UNITED STATES
                       SECURITIES AND EXCHANGE COMMISSION
                             WASHINGTON, D.C. 20549


                                    FORM 8-K


                             CURRENT REPORT PURSUANT
                          TO SECTION 13 OR 15(d) OF THE
                         SECURITIES EXCHANGE ACT OF 1934


        Date of report (Date of earliest event reported): April 21, 2003



                        ENTERPRISE PRODUCTS PARTNERS L.P.
             (Exact Name of Registrant as Specified in Its Charter)



            DELAWARE                      1-14323                 76-0568219
(State or Other Jurisdiction of         (Commission            (I.R.S. Employer
 Incorporation or Organization)         File Number)         Identification No.)


                 2727 NORTH LOOP WEST, HOUSTON, TEXAS 77008-1044
               (Address of Principal Executive Offices) (Zip Code)
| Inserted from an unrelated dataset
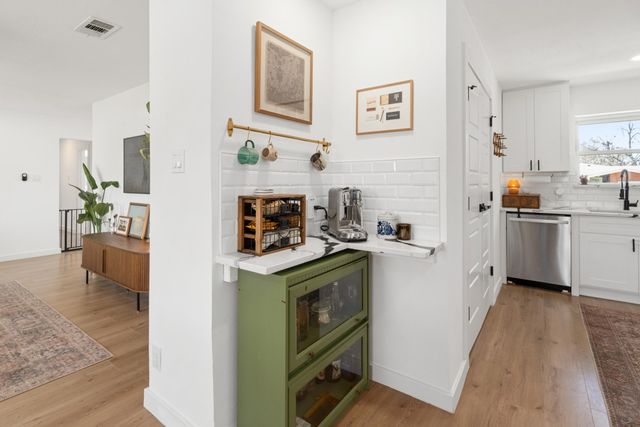 2321 Hartline Drive, Dallas, TX 75228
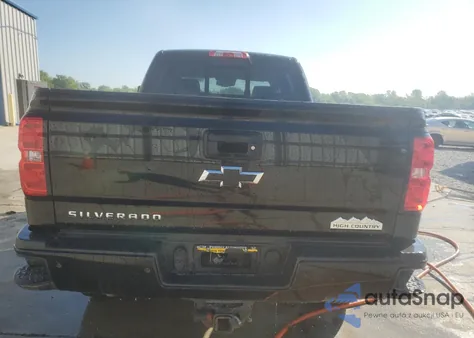 2018 Chevrolet Silverado K2500 High Country из США, поврежденный, VIN 1GC1KXEY6JF201695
                                 (713) 880-6500
              (Registrant's Telephone Number, including Area Code)

ITEM 5. OTHER EVENTS.

      On April 21, 2003, Amendment No. 2 to Enterprise Products Partners
L.P.'s  and Enterprise Products Operating L.P.'s Registration Statement on Form
S-3 (Registration Nos. 333-102778 and 333-102778-01) (the "Registration
Statement") was declared effective by the Securities and Exchange Commission.
Enterprise Products Partners L.P. is filing this Current Report on Form 8-K to
incorporate by reference the following information related to certain experts:


                                     EXPERTS

      The (1) consolidated financial statements of GulfTerra Energy Partners,
L.P. ("GulfTerra"), (2) financial statements of Poseidon Oil Pipeline Company,
L.L.C. ("Poseidon") and (3) combined financial statements of El Paso
Hydrocarbons, L.P. and El Paso NGL Marketing Company, L.P. (the "Companies") all
incorporated in the Prospectus dated April 21, 2003 included in the Registration
Statement by reference to Enterprise Products Partners L.P.'s Current Reports on
Form 8-K dated April 20, 2004 for (1) and (2) and April 16, 2004 for (3), have
been so incorporated in reliance on the reports (which (i) report on the
consolidated financial statements of GulfTerra contains an explanatory paragraph
relating to GulfTerra's agreement to merge with Enterprise Products Partners
L.P. as described in Note 2 to the consolidated financial statements, (ii)
report on the financial statements of Poseidon contains an explanatory paragraph
relating to Poseidon's restatement of its prior year financial statements as
described in Note 1 to the financial statements, and (iii) report on the
combined financial statements of the Companies contains an explanatory paragraph
relating to the Companies' significant transactions and relationships with
affiliated entities as described in Note 5 to the combined financial statements)
of PricewaterhouseCoopers LLP, independent accountants, given on the authority
of said firm as experts in auditing and accounting.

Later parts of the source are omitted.